The New Georgia Encyclopedia explains that Worcester v. Georgia was a U.S. Supreme Court case held in 1832 that established that the Cherokee Indians inhabiting territory in Georgia had sovereign powers. The name "Worcester" belonged to a white missionary, Samuel Worcester, who became a close political advisor and legal advocate to the Cherokee Nation.
According to the New Georgia Encyclopedia, Samuel Worcester was a minister sent to the Cherokee Nation by the American Board of Foreign Ministries. His mission was to translate the Bible into Cherokee, but he eventually became implicated in the ongoing territory battle between Georgia and the Cherokee Nation. Cherokee Nation v. Georgia ruled in 1831 that the Cherokee Nation had no sovereign power. The Cherokee Indians brought the state of Georgia to court because the Georgia legislature refused to acknowledge the Cherokee Nation’s sovereignty. Georgia threatened to remove the Cherokee Indians from their territory, but the indigenous group refused to evacuate.

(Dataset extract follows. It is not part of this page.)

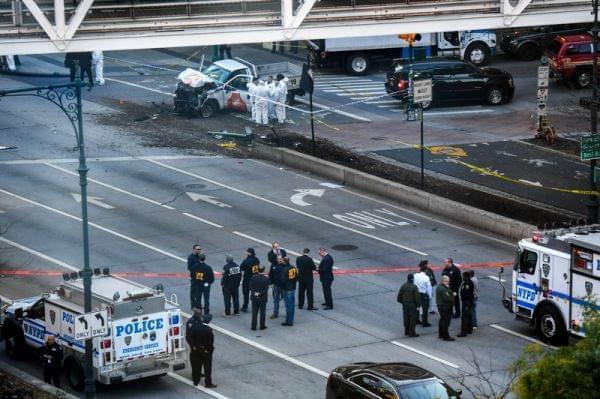 Investigators in New York City inspect a truck after a suspect plowed a vehicle into a bike and pedestrian path in Lower Manhattan and struck another vehicle on Tuesday, killing eight people and injuring at least 11 others. 
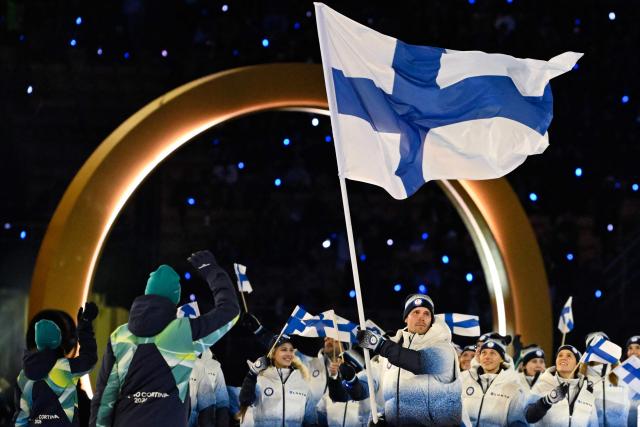 Finland's flag bearer Mikko Lehtonen and fellow athletes parade during the opening ceremony of the Milano Cortina 2026 Winter Olympic Games at the San Siro stadium in Milan, northern Italy, on February 6, 2026. (Photo by WANG Zhao / AFP)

Worcester arrived after the Cherokee Indians lost their case, and his presence stirred a controversy that caused the Georgia legislature to pass a law requiring whites to have state permission to live with the Cherokee Indians. Worcester was arrested on March 12, 1831, for not complying with the law. Worcester aided the Cherokee resistance and was arrested two more times before Cherokee lawyers took his case to the U.S. Supreme Court. Even though the Supreme Court ruled in favor of Worcester and the Cherokee Nation, Georgia did not follow the court’s ruling. Worcester was not released from prison until 1833, and the Cherokee Nation was forcibly removed from its territory in 1838.